A new customer building consists of 7-8 floors, 14-16 IDFs and an MDF split between two sides of the same floor. All equipment has already been procured, which consists of Cisco Catalyst 9K (fully Layer-3 licensed) throughout.
We had a design call with them last week, and their intended logical design was to make everything Layer 2 in this new building, pulling all routing and security back over the fiber connections across the street to Nexus 7K switches currently serving as the core for everything. (So, all VLANs/subnets would extend outside of the building back to the core across the street.)
The logic here would be that they want to have a central policy point/device through which all traffic would traverse and thus be inspected. They're aware of Cisco ISE/SGT technology, but seem at this point convinced that the best approach would be NOT to Layer 3 segment the new building, even at the core pair in the MDF.

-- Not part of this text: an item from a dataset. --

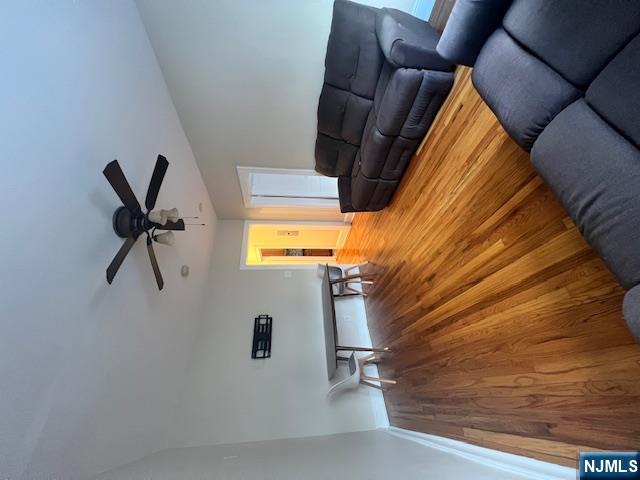 215 Orient Way, Unit B2 Rutherford, NJ 07070 - Photo 12 of 29 a living room with furniture and a wooden floor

My initial input on the call was to heavily advise Layer 3 at the building "core" (two Cisco Catalyst 9600 chassis in a logical pair), if not also to roll out a routed access design (L3 at the edge).
The guy that recommended this "all L2 in the new building" design comes from a security background, and I've seen this approach quite a bit, trying to hairpin all traffic back to a pair of firewalls. This doesn't make much sense to me from a design and scale standpoint. Maybe it'd work in smaller data centers, but for new campus building location?

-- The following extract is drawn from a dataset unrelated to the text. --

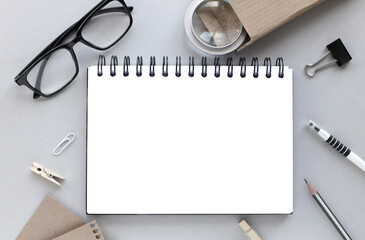 office desk with notepad, stationery magnifier, pen, pencil, glasses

I'm looking for input to either combat or support this customer design.
- If we implemented a routed design (within the building and back to the core across the street), what would we leverage for centralized policy. Would this be a Cisco ISE/SGT design?
- Do we agree that extending potentially 100 subnets/VLANs (thus, broadcast domains) outside of a 600-uesr building back to a different site would be a ridiculous risk and failure domain?
- Anything else?
I do not agree that pulling 600 users and 100 VLANs across the street is necessarily a risk. Questions to ask and answer are what are the expected traffic patterns, both in terms of volume, and where are the endpoints of communication? Is there enough bandwidth and security inspection capacity to hairpin all traffic? If they are going to do firewall inspection and sniffing of traffic, can it operate at 10 Gbps? 20? how about 40 Gbps, or 100? What happens if the traffic exceeds inspection capacity? What traffic are they willing to be able to miss?
It is likely that core services such as DNS, authentication, 802.1x, Internet, etc. would be located at the older campus facilities. In such case, the new campus wouldn't be able to do much while separated from the older campus, so there isn't much point in trying to make it "survivable". In other words, the failure domain is likely to be unavoidably large. If they're planning on placing redundant data center resources in the new campus building, then having a separate failure domain makes more sense. Customer should also be looking at having second set of firewalls and other network inspection infrastructure.